Home BERITA Ahokers, Bersabarlah, Jangan Jadi Lambe Turah

Ahokers, Bersabarlah, Jangan Jadi Lambe Turah

SHARE
KBH_01
Pasangan calon Gubernur dan Wakil Gubernur DKI Jakarta, Anies Baswedan dan Sandiaga Uno (Kiki/Kriminalitas.com)

SORAK-SORAI langsung membuncah saat Marc Marques berhasil memacu motor Honda RC213V tunggangannya dan menyentuh garis finish pertama kali dalam balap MotoGP di Circuit of the America 2017. Dia langsung dielu-elukan oleh pendukungnya. Sanjungan dan puja-puji diterimanya, bahkan dari rival yang mengakui kehebatannya.
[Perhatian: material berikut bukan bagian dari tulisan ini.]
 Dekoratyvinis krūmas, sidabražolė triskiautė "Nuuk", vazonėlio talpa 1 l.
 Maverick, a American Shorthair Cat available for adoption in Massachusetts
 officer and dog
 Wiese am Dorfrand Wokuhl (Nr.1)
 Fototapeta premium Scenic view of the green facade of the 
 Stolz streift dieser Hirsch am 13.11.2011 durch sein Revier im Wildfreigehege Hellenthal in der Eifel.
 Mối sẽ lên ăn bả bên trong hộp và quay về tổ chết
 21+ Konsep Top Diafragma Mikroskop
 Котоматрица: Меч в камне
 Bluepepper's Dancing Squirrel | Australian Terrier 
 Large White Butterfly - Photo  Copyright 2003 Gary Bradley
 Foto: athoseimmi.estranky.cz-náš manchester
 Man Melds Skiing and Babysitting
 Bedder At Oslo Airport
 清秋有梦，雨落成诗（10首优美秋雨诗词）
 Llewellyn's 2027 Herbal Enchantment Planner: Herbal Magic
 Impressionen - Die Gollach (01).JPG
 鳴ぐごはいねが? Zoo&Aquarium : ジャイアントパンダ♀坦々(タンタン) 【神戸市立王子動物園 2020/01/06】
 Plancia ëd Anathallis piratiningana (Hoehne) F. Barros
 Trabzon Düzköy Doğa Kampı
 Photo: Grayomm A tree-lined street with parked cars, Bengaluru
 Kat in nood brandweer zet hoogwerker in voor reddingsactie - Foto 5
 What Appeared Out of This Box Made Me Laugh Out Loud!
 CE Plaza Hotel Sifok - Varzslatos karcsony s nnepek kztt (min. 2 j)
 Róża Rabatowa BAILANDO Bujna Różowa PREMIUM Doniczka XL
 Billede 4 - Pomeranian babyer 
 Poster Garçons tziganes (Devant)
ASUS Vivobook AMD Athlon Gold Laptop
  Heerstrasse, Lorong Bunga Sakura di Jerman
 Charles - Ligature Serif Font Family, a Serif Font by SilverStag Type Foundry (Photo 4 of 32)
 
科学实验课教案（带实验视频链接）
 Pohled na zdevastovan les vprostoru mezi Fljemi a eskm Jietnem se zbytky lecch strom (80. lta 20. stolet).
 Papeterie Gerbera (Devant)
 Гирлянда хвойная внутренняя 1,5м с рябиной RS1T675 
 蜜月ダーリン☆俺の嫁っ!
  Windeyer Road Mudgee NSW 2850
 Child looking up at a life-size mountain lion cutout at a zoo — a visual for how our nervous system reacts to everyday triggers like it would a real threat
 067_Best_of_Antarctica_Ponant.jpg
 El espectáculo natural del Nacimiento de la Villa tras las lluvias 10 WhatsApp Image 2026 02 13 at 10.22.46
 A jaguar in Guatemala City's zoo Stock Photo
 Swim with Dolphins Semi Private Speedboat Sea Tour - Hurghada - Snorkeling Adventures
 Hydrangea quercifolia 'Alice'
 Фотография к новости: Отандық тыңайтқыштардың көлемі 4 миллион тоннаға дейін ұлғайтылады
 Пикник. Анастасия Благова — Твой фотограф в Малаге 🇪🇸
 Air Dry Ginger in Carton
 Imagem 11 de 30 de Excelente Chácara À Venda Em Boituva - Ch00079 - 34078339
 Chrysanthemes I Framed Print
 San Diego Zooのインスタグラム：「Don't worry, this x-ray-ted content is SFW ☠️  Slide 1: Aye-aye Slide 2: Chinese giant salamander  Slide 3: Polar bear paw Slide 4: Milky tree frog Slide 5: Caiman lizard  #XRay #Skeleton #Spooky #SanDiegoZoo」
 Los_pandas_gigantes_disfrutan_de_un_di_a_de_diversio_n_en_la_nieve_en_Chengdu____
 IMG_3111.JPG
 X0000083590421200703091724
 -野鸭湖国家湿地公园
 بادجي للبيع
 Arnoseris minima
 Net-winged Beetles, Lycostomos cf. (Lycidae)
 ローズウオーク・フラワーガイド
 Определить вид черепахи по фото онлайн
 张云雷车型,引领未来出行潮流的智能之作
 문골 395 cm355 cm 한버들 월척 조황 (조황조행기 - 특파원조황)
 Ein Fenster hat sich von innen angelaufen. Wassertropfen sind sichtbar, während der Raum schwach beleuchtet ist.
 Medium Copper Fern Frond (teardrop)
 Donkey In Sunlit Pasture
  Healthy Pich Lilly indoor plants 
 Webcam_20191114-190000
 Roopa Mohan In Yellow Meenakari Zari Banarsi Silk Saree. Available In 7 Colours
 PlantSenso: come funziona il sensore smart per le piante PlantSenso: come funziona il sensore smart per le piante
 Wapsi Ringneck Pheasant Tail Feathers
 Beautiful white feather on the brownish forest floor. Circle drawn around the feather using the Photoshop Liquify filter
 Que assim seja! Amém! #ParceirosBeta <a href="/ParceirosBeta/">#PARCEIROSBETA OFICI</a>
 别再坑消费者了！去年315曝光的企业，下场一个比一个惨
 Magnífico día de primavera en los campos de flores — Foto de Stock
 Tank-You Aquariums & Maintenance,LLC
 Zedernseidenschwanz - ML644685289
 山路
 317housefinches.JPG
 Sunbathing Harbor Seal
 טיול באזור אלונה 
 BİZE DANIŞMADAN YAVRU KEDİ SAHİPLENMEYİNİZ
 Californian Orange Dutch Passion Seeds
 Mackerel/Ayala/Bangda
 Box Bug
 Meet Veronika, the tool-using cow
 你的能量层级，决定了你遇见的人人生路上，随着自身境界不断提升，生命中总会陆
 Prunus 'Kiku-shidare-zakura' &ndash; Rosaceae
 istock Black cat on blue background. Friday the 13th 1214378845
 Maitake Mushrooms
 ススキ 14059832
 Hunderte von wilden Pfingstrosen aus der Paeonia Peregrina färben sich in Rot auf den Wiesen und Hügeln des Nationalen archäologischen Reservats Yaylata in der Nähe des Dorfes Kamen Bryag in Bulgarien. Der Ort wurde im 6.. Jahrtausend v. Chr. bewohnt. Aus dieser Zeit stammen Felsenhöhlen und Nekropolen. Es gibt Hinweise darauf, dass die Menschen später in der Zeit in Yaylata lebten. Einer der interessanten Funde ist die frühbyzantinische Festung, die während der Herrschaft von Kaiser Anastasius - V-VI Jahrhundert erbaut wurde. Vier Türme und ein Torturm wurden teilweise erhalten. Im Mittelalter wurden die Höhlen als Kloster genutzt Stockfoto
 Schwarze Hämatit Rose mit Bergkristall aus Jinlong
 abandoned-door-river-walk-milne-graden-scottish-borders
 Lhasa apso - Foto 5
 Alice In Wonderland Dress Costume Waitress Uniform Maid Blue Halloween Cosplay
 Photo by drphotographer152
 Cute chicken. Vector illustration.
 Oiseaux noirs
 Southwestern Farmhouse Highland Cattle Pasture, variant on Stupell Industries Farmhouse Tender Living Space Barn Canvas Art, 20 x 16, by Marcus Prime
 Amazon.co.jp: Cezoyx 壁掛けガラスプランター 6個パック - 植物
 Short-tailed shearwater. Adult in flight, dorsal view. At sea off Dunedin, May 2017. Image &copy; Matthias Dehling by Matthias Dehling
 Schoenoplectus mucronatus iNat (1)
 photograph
Begitulah sportivitas. Persaingan dalam olahraga mengajari kita untuk mengakui keunggulan lawan tanpa merasa perlu mencari kambing hitam demi menutupi kekalahan. Anda menjadi kampiun karena Anda memang pantas menerimanya dengan segala usaha dan jerih payah yang dilakukan.

Sama-sama jadi juara, samakah perlakuan yang diterima Anies usai menang dalam gelaran Pilkada DKI 2017? Alhamdulillah, usai pasangan Anies-Sandi dinobatkan sebagai pemenang dalam hitung cepat, dengan gentleman, Ahok-Djarot segera menyampaikan ucapan selamat.

Jelas itu menjadi catatan tersendiri dan patut diapresiasi. Namun ternyata, ada saja pihak-pihak yang belum ikhlas menerima kenyataan saat harus menelan pil pahit bernama kekalahan. Tapi sudahlah, anggap saja pil pahit itu sebagai obat yang akan menyehatkan proses demokrasi kita.

Sekarang, mari kita tengok di kubu sebelah. Belum juga bisa tidur nyenyak sejak euforia pesta kemenangan dicecap, Anies-Sandi sudah dihadapkan dengan limpahan masalah ibu kota yang bisa dibilang terlalu prematur diarahkan pada keduanya.

Masalah reklamasi misalnya, yang kini menjadi begitu seksi dimainkan untuk mengorek-orek janji kampanye sang penantang petahana. Logikanya, bagaimana mungkin proyek yang sudah diambil alih oleh pemerintah pusat dan ada dasar hukumnya, yaitu Kepres Nomor 52 Tahun 1995 itu bisa serta merta dibatalkan oleh Gubernur DKI mendatang?

Masalah lain yang mengemuka adalah RPTRA Kalijodo yang diisukan kembali dikuasai para preman Kalijodo. Anies-Sandi pun dituding jadi penyebabnya hanya karena Anies pernah foto bareng dengan Daeng Aziz -tokoh sentral di kawasan Kalijodo- saat acara dukungan kepada paslon Anies-Sandi.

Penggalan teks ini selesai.